Что-то я разболтался. Причем в обоих смыслах. Пора сваливать.
— Потому и не веришь, что живешь среди неверных, — то ли скаламбурил, то ли сморозил мусел. — Разве на них можно полагаться?
— Язык у бледнолицых раздвоен, да? — хмыкнул я. — Будто вы мало врете!
— Аллах не воспрещает хитрить с гяурами, — брякнул Амир, запамятовав, видно, с кем говорит. — У нас свои законы.
— Ну да, вы ж такие свободные! От обязательств, долгов, совести. Вольные дети гор. Может, и работорговлей промышляете? Смотри!
— Угрожаешь? — снова вспыхнул Амир. — Мне?
Должность у него, видишь, такая: во всем усматривать оскорбления. Ох и достала меня эта знать!
— Ты же знаешь мой принцип: с людоедами никаких дел, — сказал я. — Если выяснится, что ты из них, наш договор аннулируется, а взамен объявляется сезон охоты. Это что, угроза?

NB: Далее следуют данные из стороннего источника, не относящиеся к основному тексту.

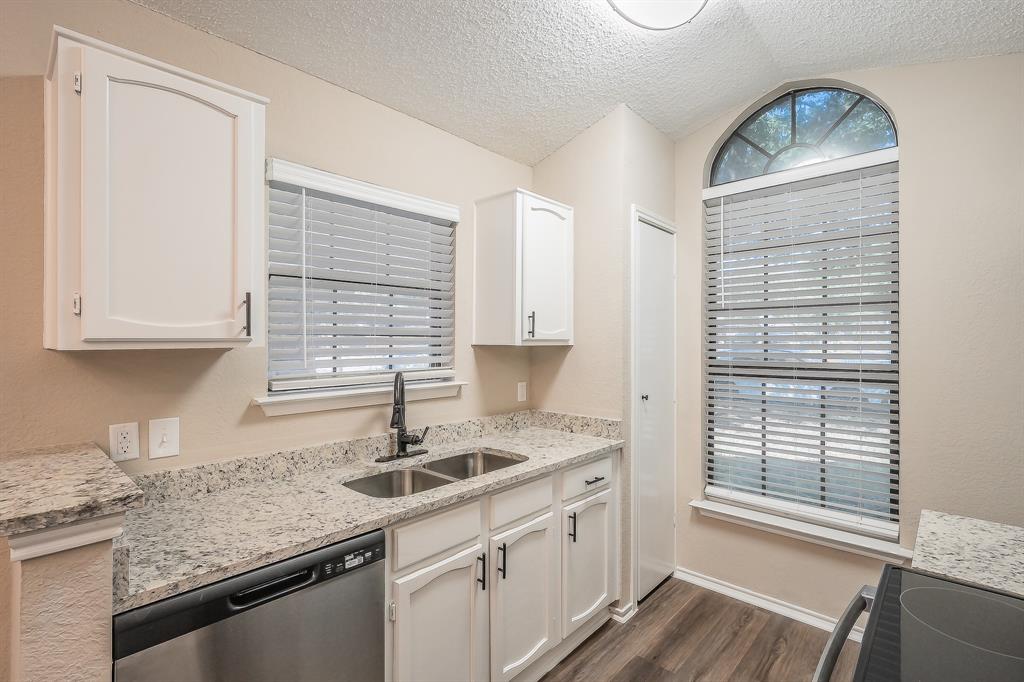 1521 Eastview Street - Photo 13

— Предупреждение, — поразмыслив, решил горец.
— Вот и славно, вот и договорились! А теперь лучше разойтись, пока ты не впал в джихад, а я в «боевое безумие». Два психа в одной комнате — это перебор.
Ну, мне дадут наконец отдохнуть от болтовни? — гадал я, выруливая из лабиринта узеньких переулков на большак. За весь прошедший месяц столько не утруждал язык, сколько за последние пару дней. Не пора ли натворить что-нибудь для разнообразия? Как говорится, размять члены.
Ехать к трехэтажке мне расхотелось, да и смысла не было, судя по сообщениям тамошнего соглядатая. Со всех других «глазков», разбросанных теперь по многим укромным местам, ко мне тоже стекались сведения, складируясь до лучших времен. Но кое-какие записи, из самых насущных, я прослушал в своем авто, неспешно курсируя по городу.
Больше всего меня заинтересовал Хозяин, помянутый сразу несколькими персонажами, которых прежде я не подозревал в сообщничестве. Либо Хозяин столь велик и грозен, что покрывает сразу многих, либо имелся в виду не один. Мелькал и другой термин — «зверь», — и тоже, судя по интонации, с прописной буквы. Почтения эти звери вызывали меньше, чем Хозяин, зато боялись их едва не сильней.